Problem to solve
Below is a listing. Return the lines from the one that contains "Un grupo de" to the one that contains "PULSEIRA FOLHEADA A", both ends included, verbatim and with no pictures.

Data to use
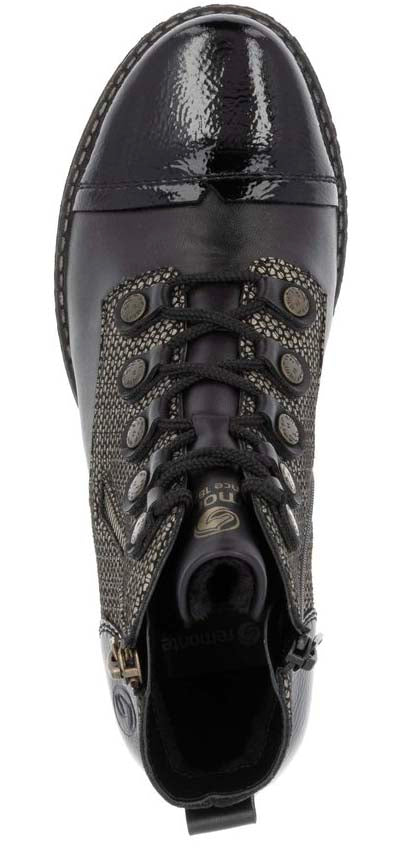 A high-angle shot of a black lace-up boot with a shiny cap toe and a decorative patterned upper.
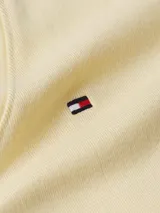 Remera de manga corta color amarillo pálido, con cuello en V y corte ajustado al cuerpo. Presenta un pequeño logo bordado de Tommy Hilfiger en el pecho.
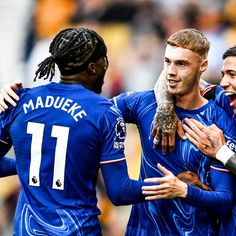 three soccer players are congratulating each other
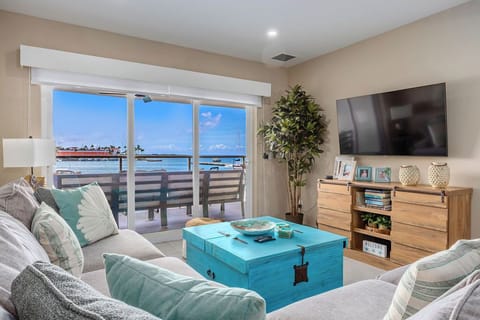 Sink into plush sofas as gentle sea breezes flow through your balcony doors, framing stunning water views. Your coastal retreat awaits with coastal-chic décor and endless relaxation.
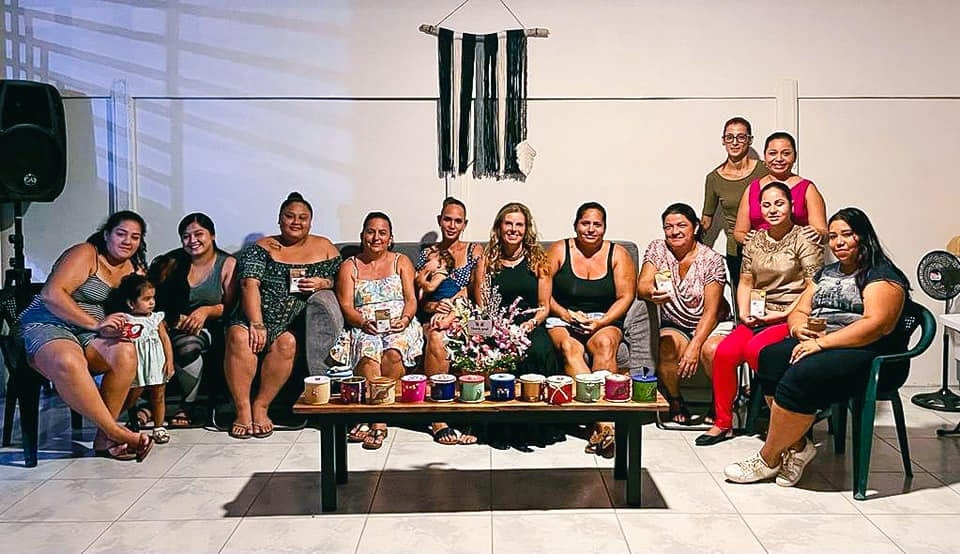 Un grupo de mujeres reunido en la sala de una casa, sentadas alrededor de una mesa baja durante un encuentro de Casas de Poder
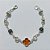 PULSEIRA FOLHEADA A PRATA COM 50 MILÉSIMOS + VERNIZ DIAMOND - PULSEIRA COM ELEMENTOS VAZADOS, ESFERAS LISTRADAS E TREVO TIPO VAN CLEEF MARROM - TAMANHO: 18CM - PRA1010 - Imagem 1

==

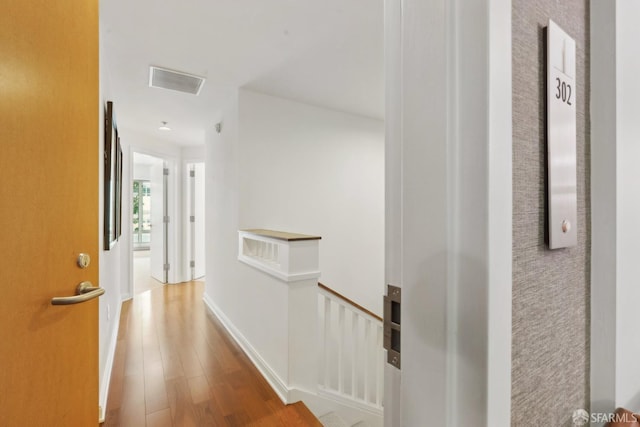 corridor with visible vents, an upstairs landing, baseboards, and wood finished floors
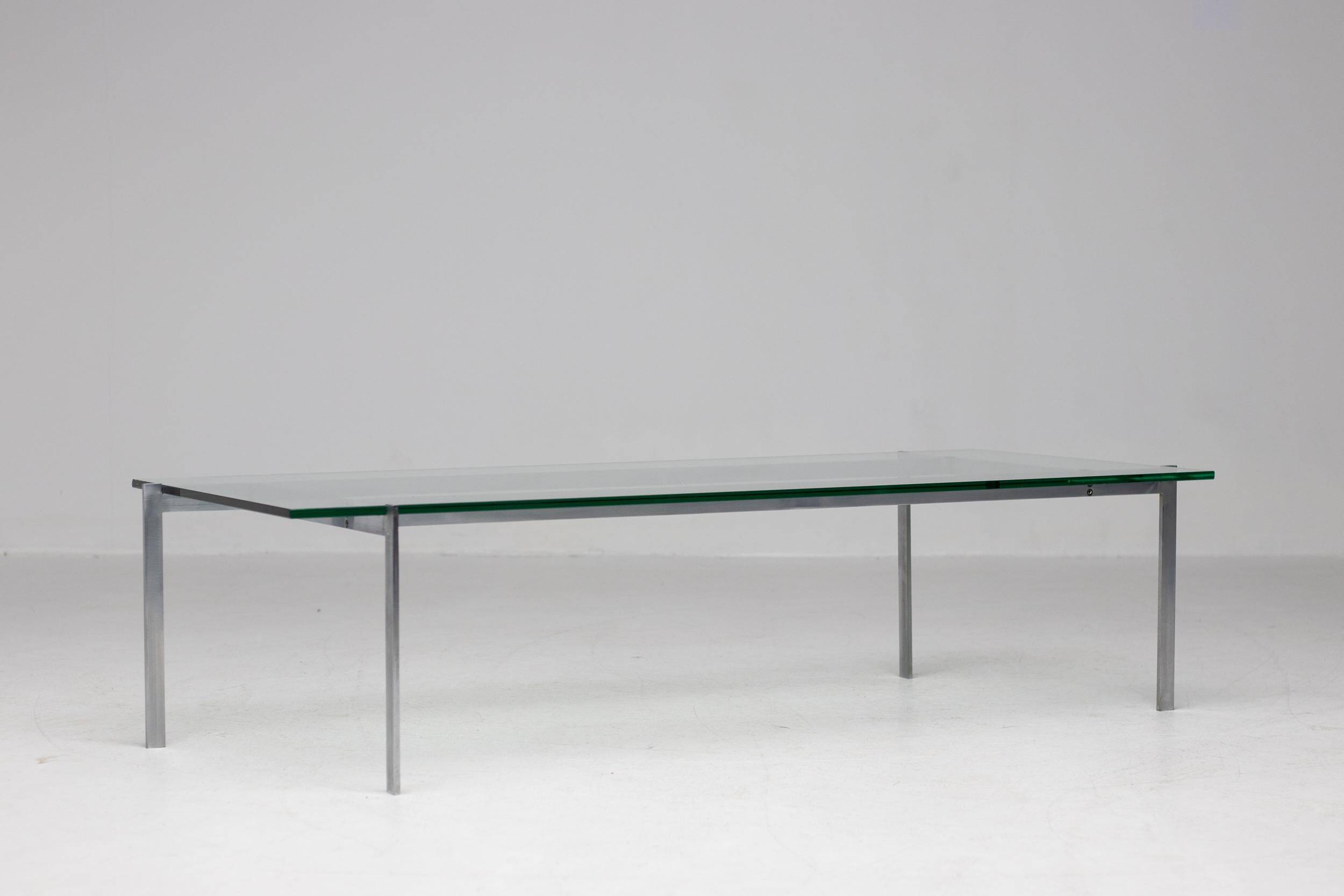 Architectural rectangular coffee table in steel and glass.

==

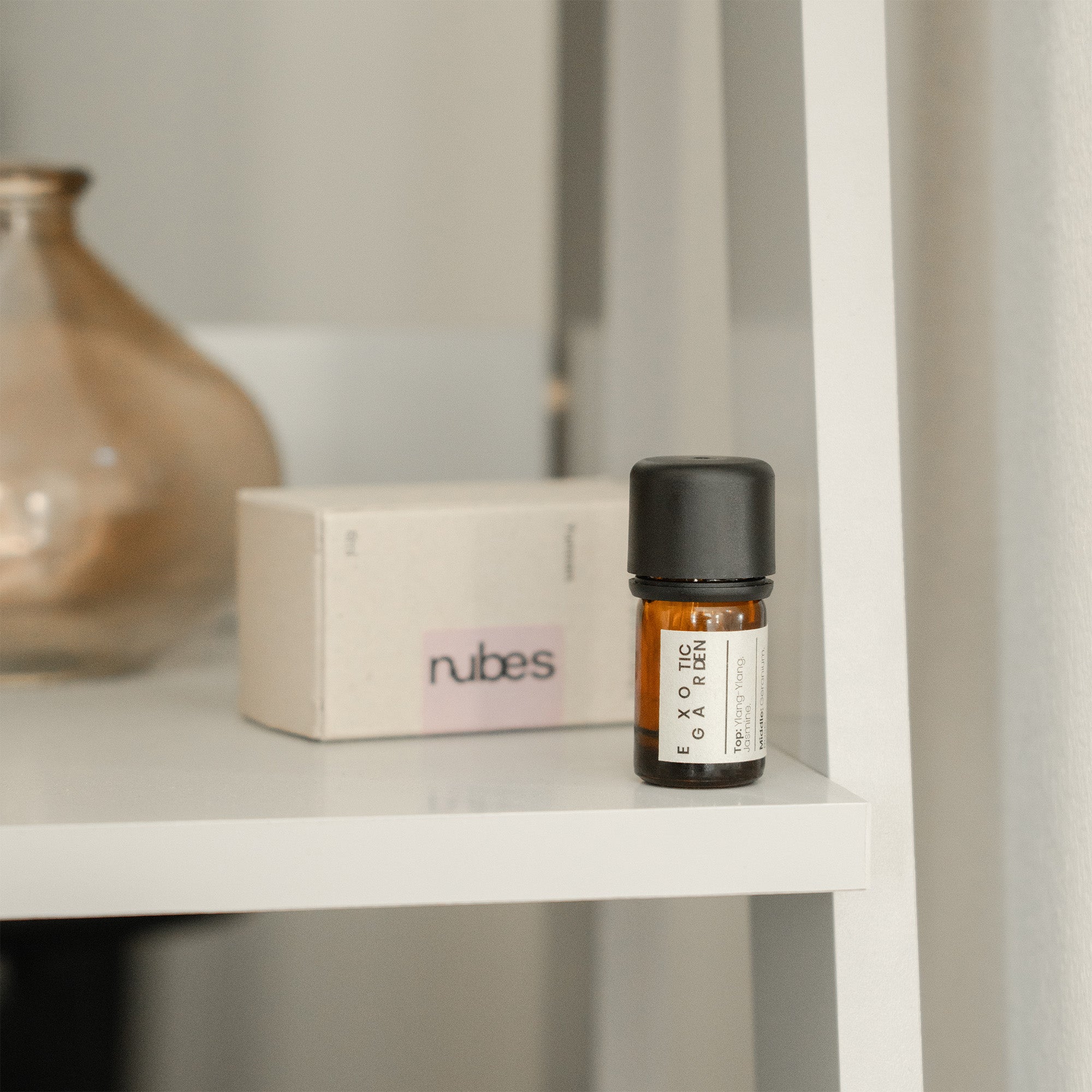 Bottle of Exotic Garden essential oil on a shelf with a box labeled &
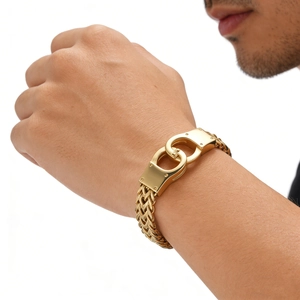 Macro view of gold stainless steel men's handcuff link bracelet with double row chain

Task result
 Un grupo de mujeres reunido en la sala de una casa, sentadas alrededor de una mesa baja durante un encuentro de Casas de Poder
 PULSEIRA FOLHEADA A PRATA COM 50 MILÉSIMOS + VERNIZ DIAMOND - PULSEIRA COM ELEMENTOS VAZADOS, ESFERAS LISTRADAS E TREVO TIPO VAN CLEEF MARROM - TAMANHO: 18CM - PRA1010 - Imagem 1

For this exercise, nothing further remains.